If nothing else, this week has seen gains in the court of public opinion for the DREAM Act: More people know what it's for and why it's important after a week of intensified media coverage and grassroots campaigning. The DREAM Act, which would undocumented young people a path to citizenship if they follow the law and go to college or serve for two years in the military, was blocked by a narrow failure to end a Senate filibuster earlier this week.
The presidents of eight universities in the nation's higher education powerhouse issued a letter of support (PDF) for the act. Some unusual suspects from the right and the military openly voiced their support for giving undocumented young people a path to citizenship if they follow the law and go to college or serve for two years in the military.
The New York Times profiled Cesar Vargas, an undocumented young person who wants to join the military and study law, demonstrating how this legislation connects to real individuals.
“Without the Dream Act, I’m relegated to a mere shadow,” he said, after recounting his longtime hopes of joining the military. He said he had repeatedly tried to enlist, especially after the Sept. 11 terrorist attacks, but was turned away.
“I’m asking Congress to give us the opportunity to serve the only country we know, the only country we call home,” he said.
Change.org published profiles of 5 inspiring DREAMers in the run up to the Senate vote. Campus Progress published its own videos of David Cho, a DREAMer from University of California–Los Angeles who spoke in support of the DREAM act at this summer's national conference, and a video of DREAMers rallying in support of legislation earlier this summer. Stories like these make it clear that we’re not talking about people looking to “leach off the system” or take an easy way out. These young people are this country’s future cancer researchers, doctors, teachers, civil rights lawyers, and politically engaged members of civil society. They’re today’s honor students, activists, and volunteers.
Such stories also gave a jolt of adrenaline to activism around a piece of legislation that’s been kicking around the Senate for ten years without results. In the short time between Harry Reid's announcement last week and the defeat of the defense authorization bill tied to the DREAM Act on Tuesday, activists flooded their Senators’ offices phone lines and Facebook walls.
They also got creative with protests across the country, with protesters spelling out a call to their senator on a Florida beach, staging mock-military drills, fasting, and sitting-in in front of their senators' offices the old-fashioned way.
And that energy isn’t just going to go away—right after the DREAM Act stalled 4 votes short of the 60 vote majority needed to make it into an amendment of the Defense Authorization Bill, DREAM activists were already regrouping to figure out a new strategy.

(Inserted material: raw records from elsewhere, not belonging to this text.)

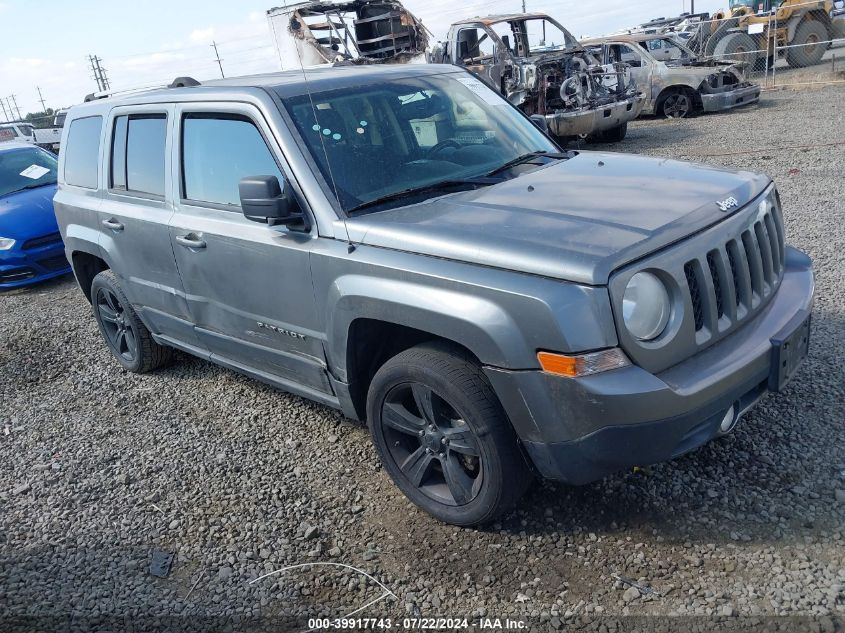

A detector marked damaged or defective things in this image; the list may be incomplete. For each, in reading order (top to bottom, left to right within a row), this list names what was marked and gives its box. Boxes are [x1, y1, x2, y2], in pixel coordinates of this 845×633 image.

rusted car body [268, 0, 428, 69]
burned wreck car [268, 0, 432, 69]
rusted car body [432, 12, 644, 141]
burned wreck car [432, 13, 644, 143]
burned wreck car [580, 33, 760, 118]
rusted car body [580, 33, 760, 118]
charred car hood [344, 151, 772, 284]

A blogger on DREAMactivist.org stressed that getting to the senate floor was still a step forward, despite the disappointing results:
Don’t let anybody tell you this was a defeat. It wasn’t.

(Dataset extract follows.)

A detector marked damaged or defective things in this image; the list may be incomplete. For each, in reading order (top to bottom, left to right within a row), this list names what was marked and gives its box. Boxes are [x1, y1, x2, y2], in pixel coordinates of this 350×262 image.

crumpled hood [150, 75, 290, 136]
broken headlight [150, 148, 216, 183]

If you watched the floor speeches, you know that we learned a lot about different senators. We took notes. We heard them talk about procedure, about up and down votes, and a lot of them talked about wanting to discuss the merits of the DREAM Act, and only the DREAM Act, without a bundled package of reforms.
Fair enough. They want to talk about the DREAM Act, and just the DREAM Act? We’ll take it. Over 70 percent of the country supports the DREAM Act. Corporations like Microsoft and Pfizer support the DREAM Act, universities from Harvard to the University of California support the DREAM Act, communities of faith support the DREAM Act, shoot, even Ricky Martin supports the DREAM Act.

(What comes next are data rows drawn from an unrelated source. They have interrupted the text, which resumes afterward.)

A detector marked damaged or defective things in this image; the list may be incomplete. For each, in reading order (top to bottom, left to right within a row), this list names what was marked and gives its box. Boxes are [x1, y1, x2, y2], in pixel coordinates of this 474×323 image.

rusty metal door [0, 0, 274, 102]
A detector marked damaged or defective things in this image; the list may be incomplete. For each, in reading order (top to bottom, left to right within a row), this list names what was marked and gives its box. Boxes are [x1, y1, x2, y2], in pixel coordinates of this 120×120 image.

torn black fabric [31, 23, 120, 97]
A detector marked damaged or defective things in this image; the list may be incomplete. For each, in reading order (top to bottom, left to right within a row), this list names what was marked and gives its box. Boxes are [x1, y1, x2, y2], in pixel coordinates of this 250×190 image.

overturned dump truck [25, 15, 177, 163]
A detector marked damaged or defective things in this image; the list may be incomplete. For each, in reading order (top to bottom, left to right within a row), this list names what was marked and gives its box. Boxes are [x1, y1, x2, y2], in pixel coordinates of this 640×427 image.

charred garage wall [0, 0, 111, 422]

Let’s triple our efforts. More phone calls. More actions. We have set the goal of a stand-alone DREAM Act in Congress within the next two weeks.
The activism push this week has also positioned immigration reform to be a more prominent issue in the midterm elections, with DREAM activists shifting their attention to blocking anti-immigration Senators from re-election in November. The editorial staff of the Spanish-language newspaper El Diario published a list of anti-DREAM senators, complete with their phone numbers, urging Latino voters not to help them back into office.
And the DREAM Act will be back. Sen. Dick Durbin (D-Ill.) pledged to immediately reintroduce the act to the Senate. The U.S. Senate’s twitter feed reported yesterday that “The DREAM Act has been procedurally added to the legislative calendar as a stand-alone bill (S. 3827)" Feet in 2 Worlds predicts it’ll be back in the Senate "in the lame duck session or in 2011."
Braden Goyette is a staff writer for Campus Progress.